* [Requirement]: What needs reproducing is the run of lines in the data below starting at the line with "Street One Shirt Ada Heart Cotton Beige" and ending at the line with "Hot and zingy apple salsa", both ends included. Copy it exactly, without pictures, and add nothing.

* [Supplied records]:
◆ ◆ ◆ ◆ ◆

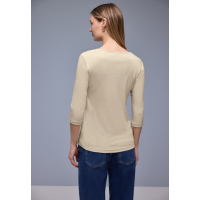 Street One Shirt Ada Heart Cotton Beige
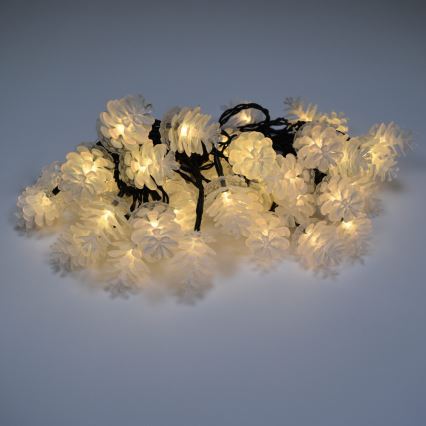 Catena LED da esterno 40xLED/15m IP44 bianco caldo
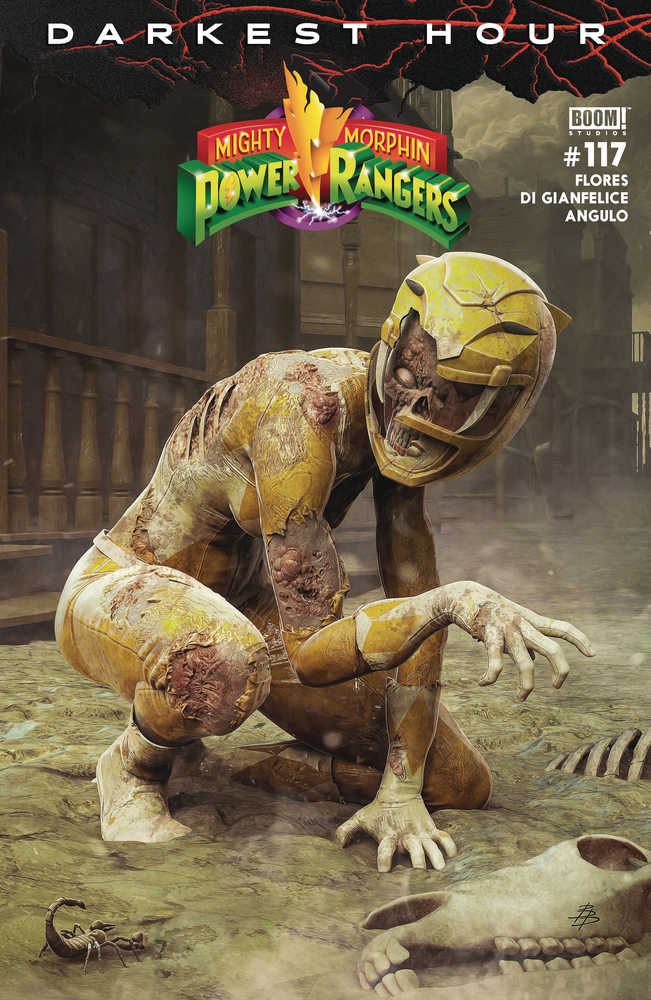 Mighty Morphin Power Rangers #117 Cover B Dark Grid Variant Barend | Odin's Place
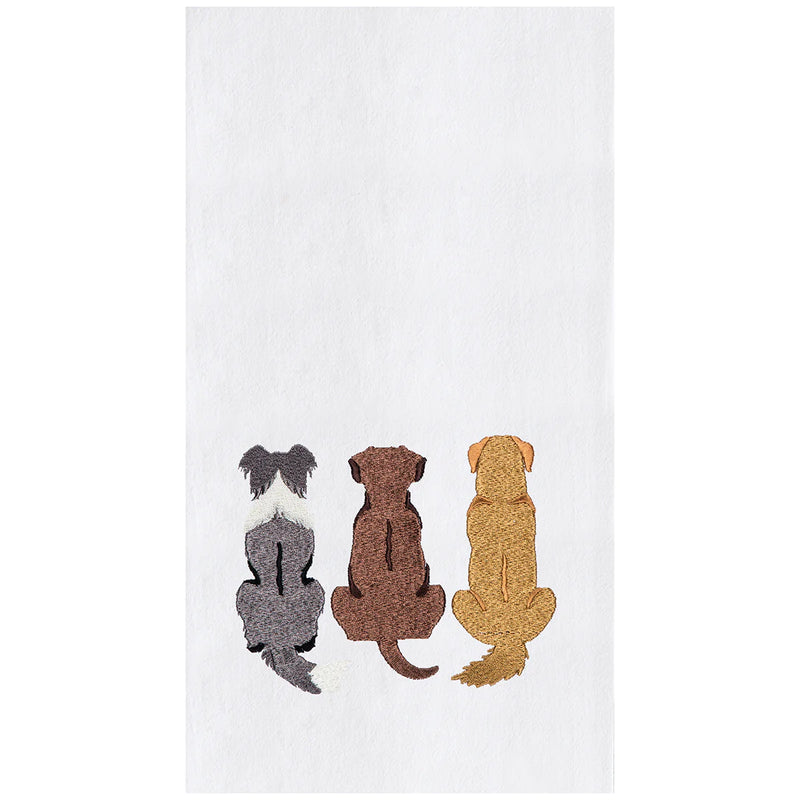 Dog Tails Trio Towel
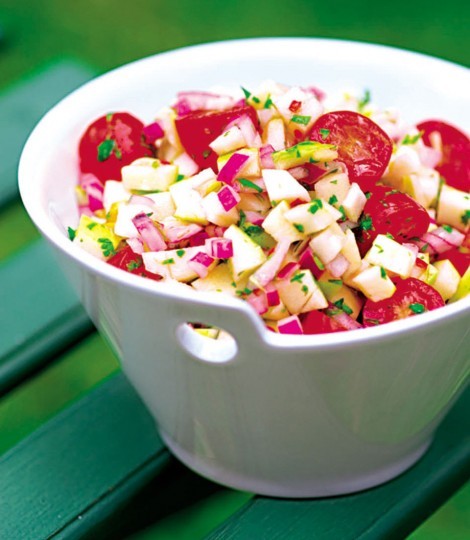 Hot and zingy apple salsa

◆ ◆ ◆ ◆ ◆

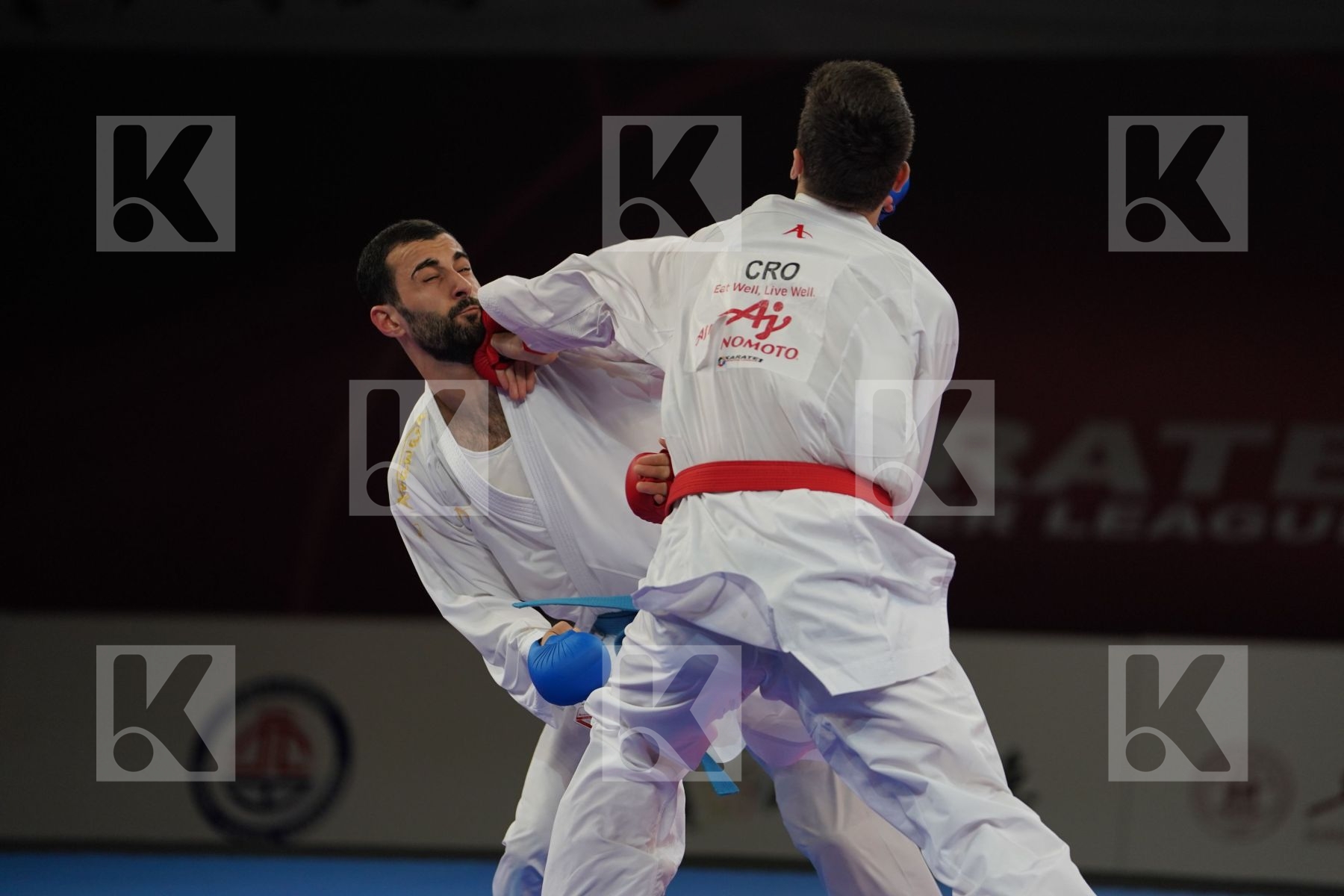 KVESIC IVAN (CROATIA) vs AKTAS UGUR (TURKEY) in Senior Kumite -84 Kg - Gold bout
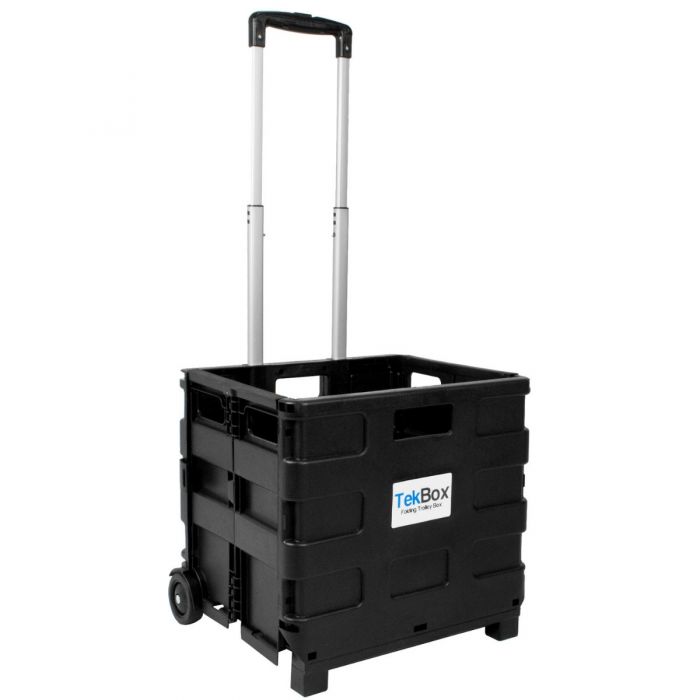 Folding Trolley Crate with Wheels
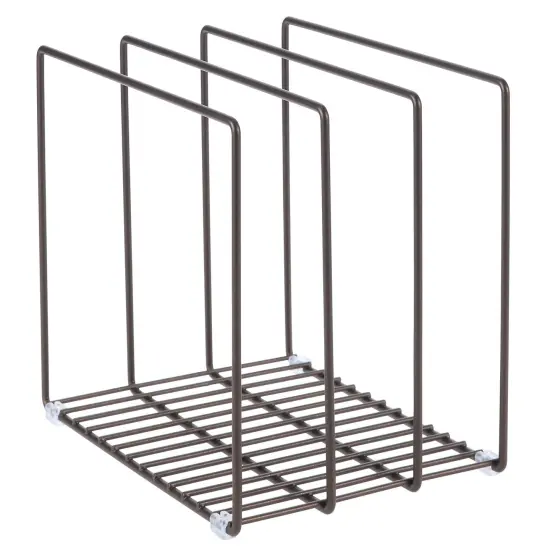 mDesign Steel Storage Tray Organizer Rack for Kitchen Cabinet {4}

◆ ◆ ◆ ◆ ◆

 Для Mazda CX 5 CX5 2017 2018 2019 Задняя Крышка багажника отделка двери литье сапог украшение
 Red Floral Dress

◆ ◆ ◆ ◆ ◆

* [Solved problem]:
 Street One Shirt Ada Heart Cotton Beige
 Catena LED da esterno 40xLED/15m IP44 bianco caldo
 Mighty Morphin Power Rangers #117 Cover B Dark Grid Variant Barend | Odin's Place
 Dog Tails Trio Towel
 Hot and zingy apple salsa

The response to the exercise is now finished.